La Fed parie sur le surplus de main d’œuvre

Jeudi 28 Avril 2016

Ces dernières semaines, la Réserve fédérale américaine a appuyé les marchés en adoptant une approche plus graduelle en matière de normalisation de sa politique. Sa présidente Janet Yellen, dans ses récentes déclarations publiques de fin mars, s’est en effet montrée plus diplomate que prévu. De même, lors de sa dernière réunion, la Fed a suggéré de procéder en 2016 à seulement deux hausses de taux d’intérêt à hauteur d’un quart de point, plutôt qu’à quatre hausses. En réaction, les investisseurs ont vendu leurs dollars américains et fait augmenter les prix des actions ainsi que des bons du Trésor américain, tandis que les matières premières et les actifs des marchés émergents ont grimpé en flèche.
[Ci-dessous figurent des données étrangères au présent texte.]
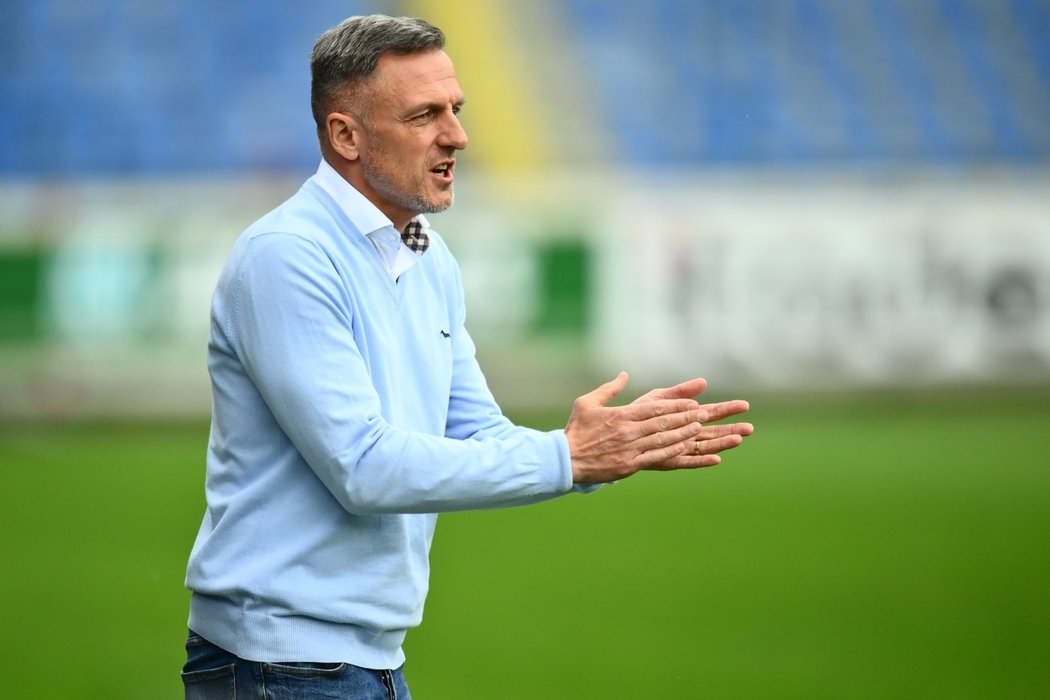 Trenér Slovanu Luboš Kozel během zápasu s Dynamem
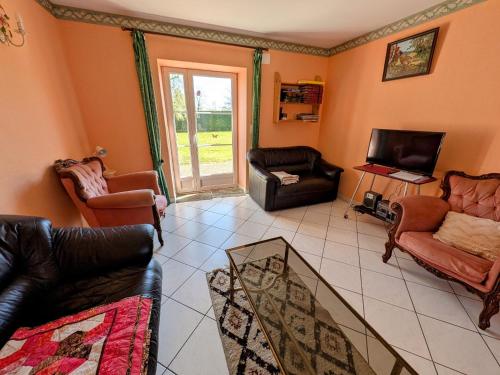 Charmant Gîte Rural avec Jardin en Haute-Saône - FR-1-583-438 (Charmant Gite Rural avec Jardin en Haute-Saone - FR-1-583-438) in Lavigney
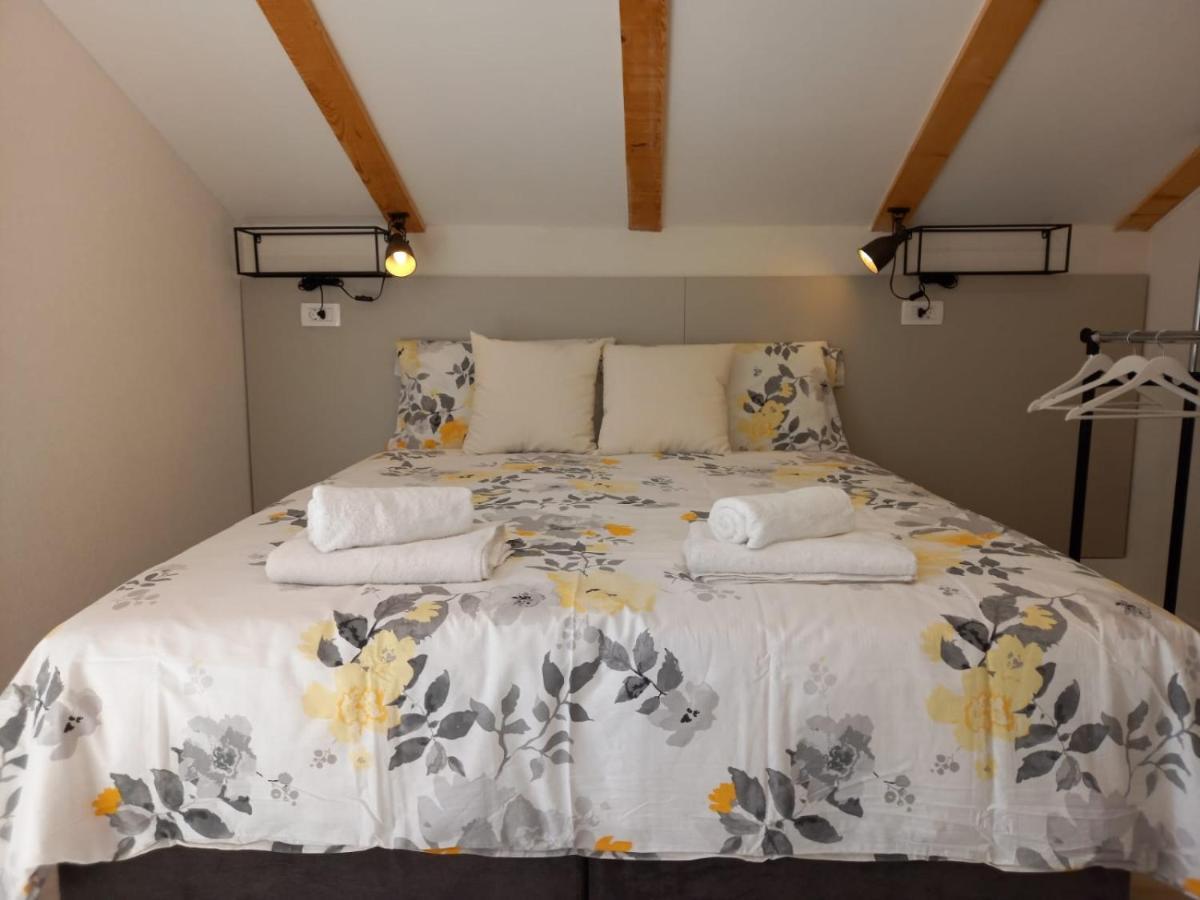 Seaview Suites Ondina Komiža Buitenkant foto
À première vue, ces évolutions peuvent sembler curieuses. Tout d’abord, cette décision de la Fed ne semble pas s’inscrire en cohérence avec les signaux d’une actuelle accélération de l’inflation aux États-Unis. S’il doit s’agir pour la Fed de répondre aux inquiétudes autour de la croissance mondiale, comme certains le suggèrent, il peut alors sembler étrange que les actifs à risques se redressent – et encore plus s’agissant des matières premières et des marchés émergents. Seulement voilà, il existe une logique par-delà ces apparentes incohérences, une logique centrée sur un coup de poker de la part de la Fed, empreint de forts enjeux potentiels.
Mais avant d’aborder les détails de ce coup de poker, intéressons-nous aux autres explications qui ont été avancées pour justifier ce redressement des marchés. Une première explication fait valoir l’assouplissement monétaire entrepris par la Banque centrale européenne et la Banque du Japon. Or, l’existence de taux d’intérêt négatifs  et de courbes de rendement extrêmement plates vient mettre à mal les résultats des banques ; les corrélations entre politiques monétaires non conventionnelles et croissance ou inflation demeurent ténues ; et la politique monétaire est désormais manifestement confrontée à des rendements en baisse.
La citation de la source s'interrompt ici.